→ **WHAT NEEDS TO BE DONE**
Write out the listing from the line with "Numbers on an eye prescription" to the line with "راهنمای جامع شناخت", both lines included, exactly and nothing beyond. Leave pictures out.

→ **STUDY MATERIAL**

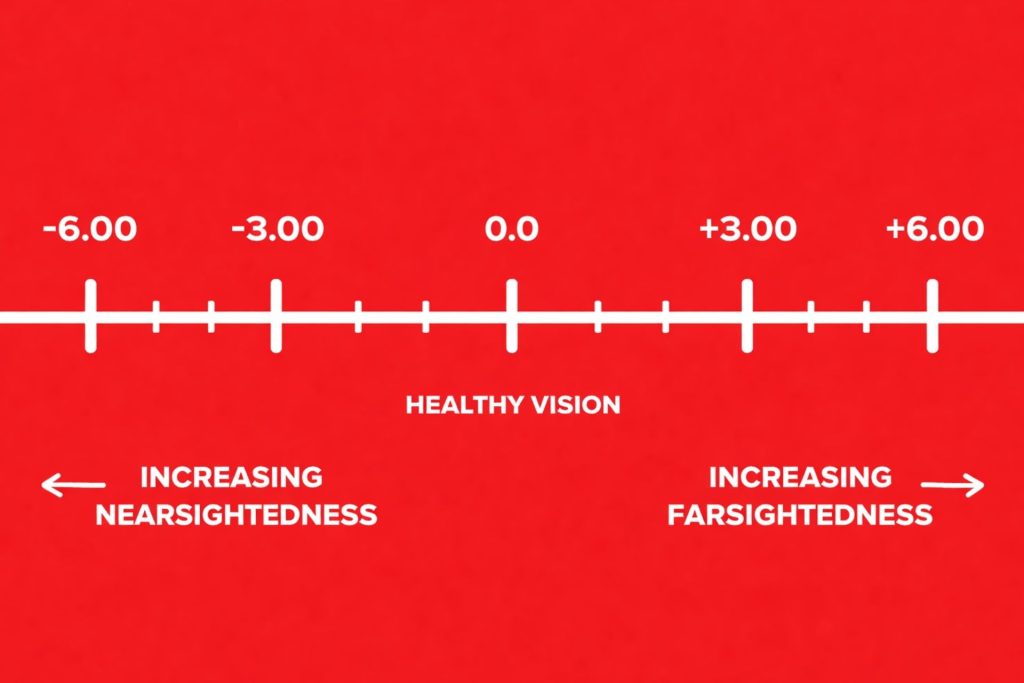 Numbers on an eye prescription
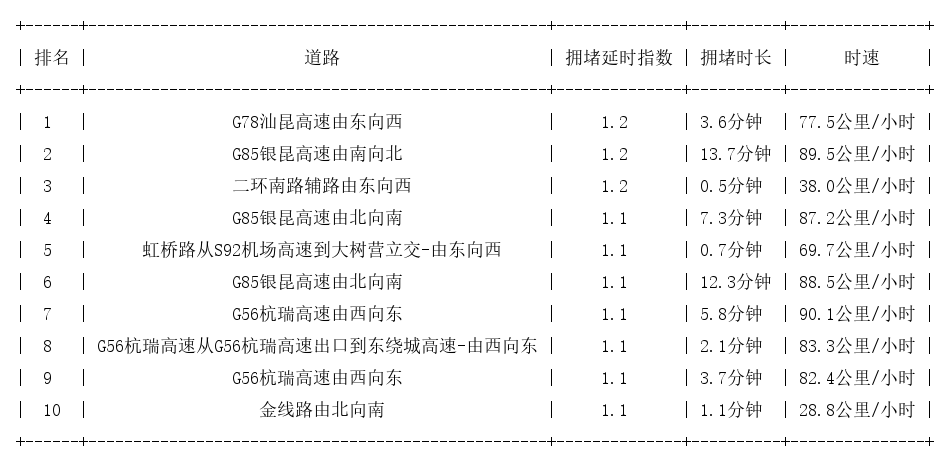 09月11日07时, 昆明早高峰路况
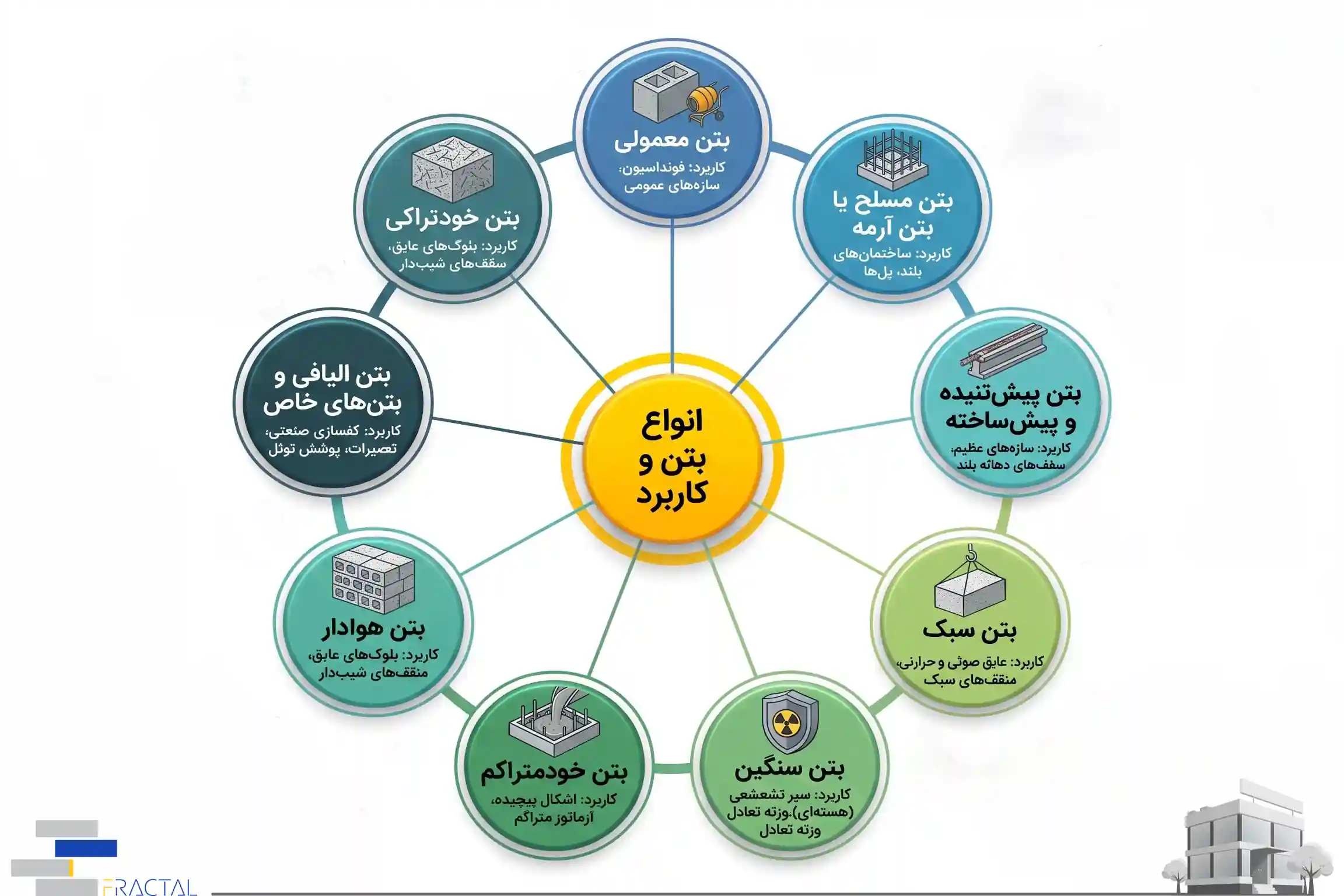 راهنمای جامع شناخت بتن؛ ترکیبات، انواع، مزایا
...
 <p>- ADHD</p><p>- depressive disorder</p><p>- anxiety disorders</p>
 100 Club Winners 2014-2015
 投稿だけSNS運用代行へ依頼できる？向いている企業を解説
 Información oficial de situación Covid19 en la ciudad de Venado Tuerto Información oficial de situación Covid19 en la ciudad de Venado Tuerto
==
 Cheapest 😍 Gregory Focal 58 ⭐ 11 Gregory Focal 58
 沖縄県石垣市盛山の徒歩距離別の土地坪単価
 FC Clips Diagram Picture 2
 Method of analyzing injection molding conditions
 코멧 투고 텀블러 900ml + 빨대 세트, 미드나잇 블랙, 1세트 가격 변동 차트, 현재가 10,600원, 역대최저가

→ **TASK OUTPUT**
 Numbers on an eye prescription
 09月11日07时, 昆明早高峰路况
 راهنمای جامع شناخت بتن؛ ترکیبات، انواع، مزایا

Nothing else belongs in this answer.